▶ WORK TO BE COMPLETED: The result is the exact lines from the one containing "Plum 2% Niacinamide" through the final line of the entries; leave out the pictures.

▶ RECORDS FOR THIS TASK:

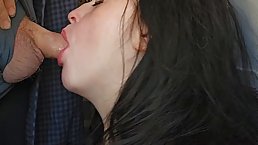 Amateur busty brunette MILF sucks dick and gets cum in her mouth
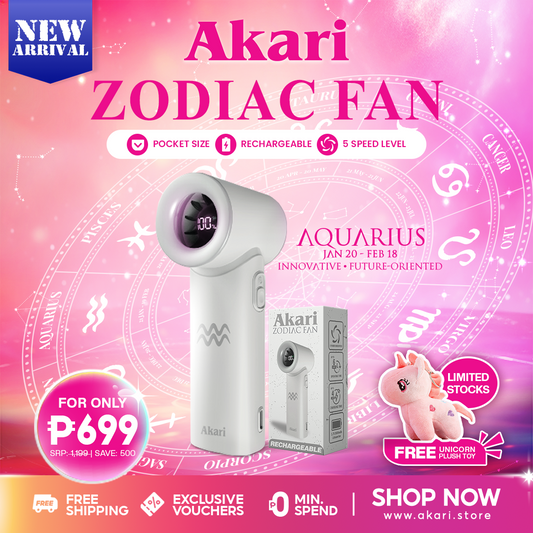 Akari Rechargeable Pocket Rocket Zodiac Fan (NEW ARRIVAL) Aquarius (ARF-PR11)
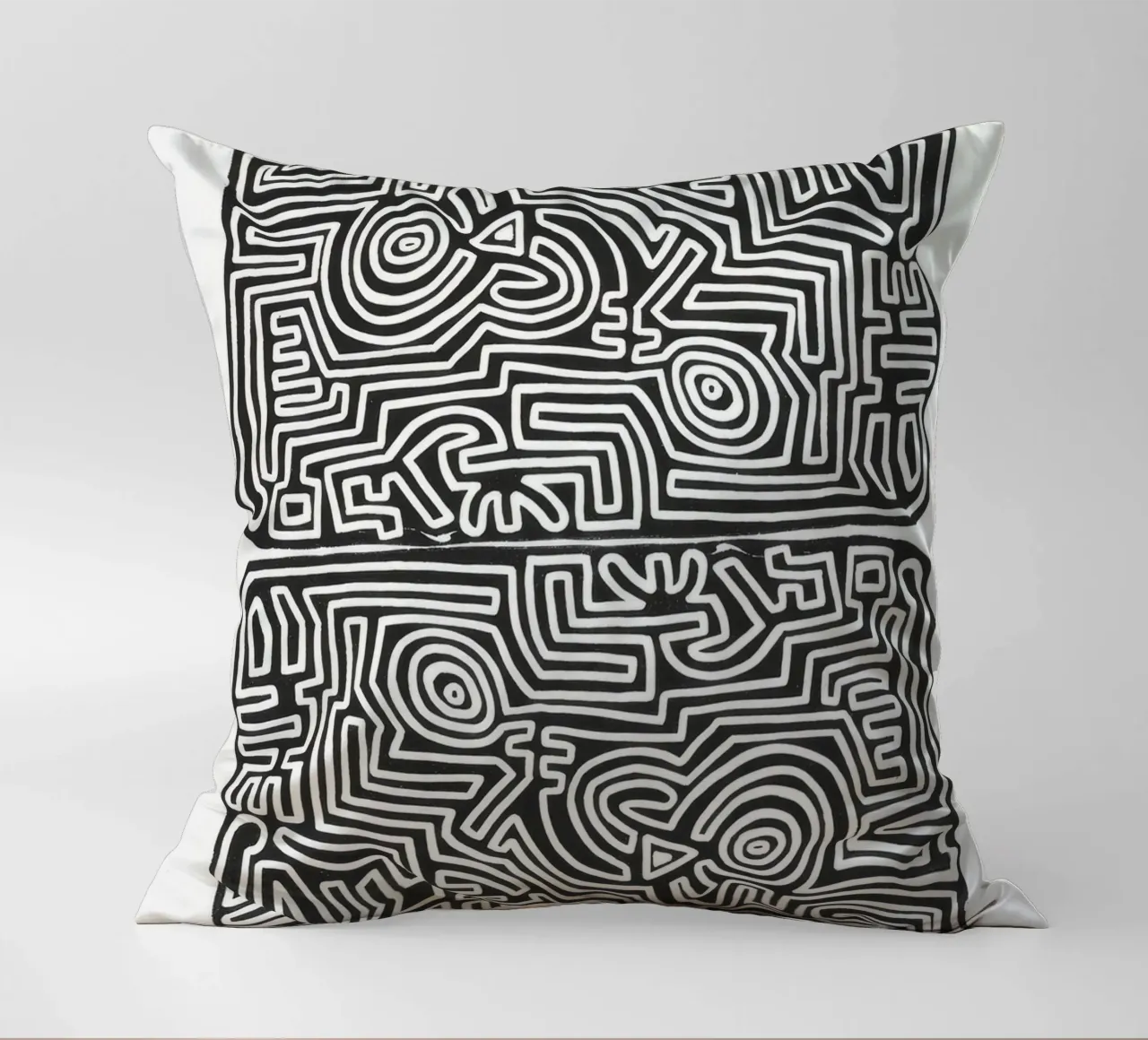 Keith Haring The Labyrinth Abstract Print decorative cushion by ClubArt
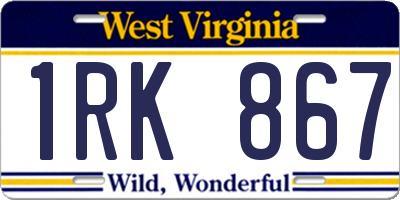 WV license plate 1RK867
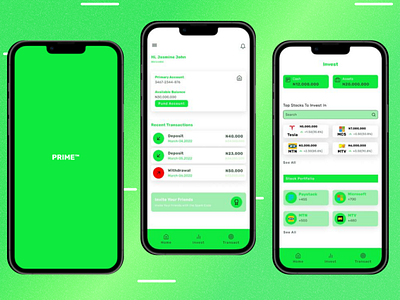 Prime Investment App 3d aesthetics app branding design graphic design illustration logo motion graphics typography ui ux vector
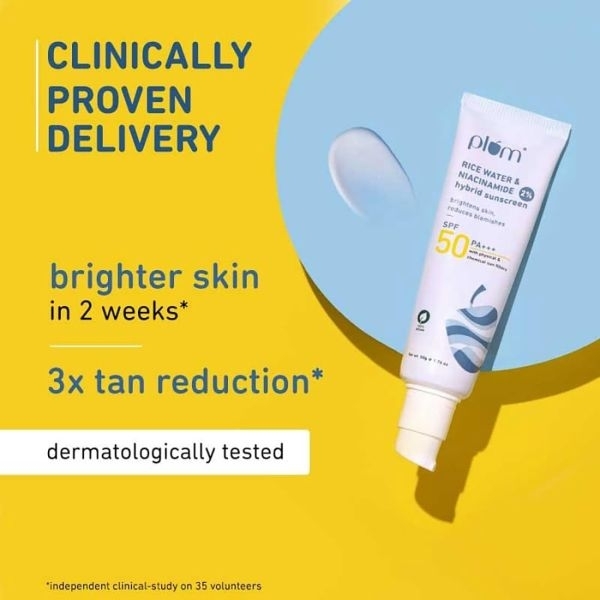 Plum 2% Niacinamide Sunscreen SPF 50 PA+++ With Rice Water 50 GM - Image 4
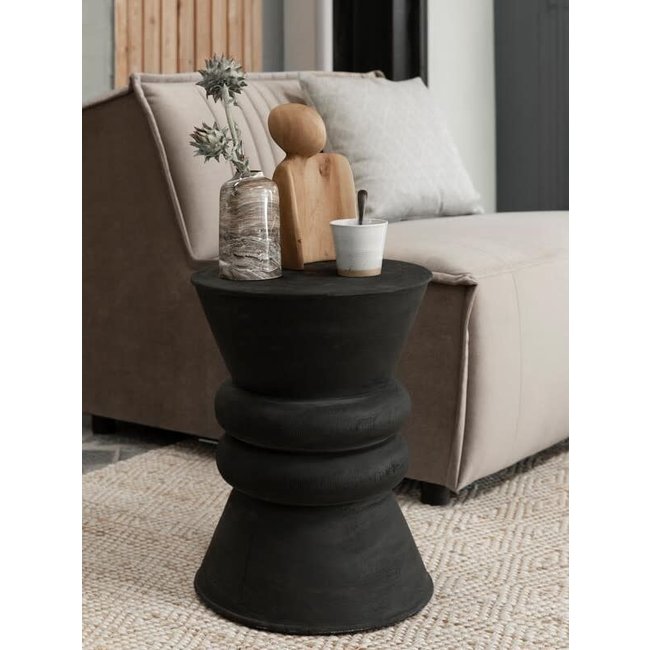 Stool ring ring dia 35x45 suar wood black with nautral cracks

▶ SOLVED EXERCISE:
 Plum 2% Niacinamide Sunscreen SPF 50 PA+++ With Rice Water 50 GM - Image 4
 Stool ring ring dia 35x45 suar wood black with nautral cracks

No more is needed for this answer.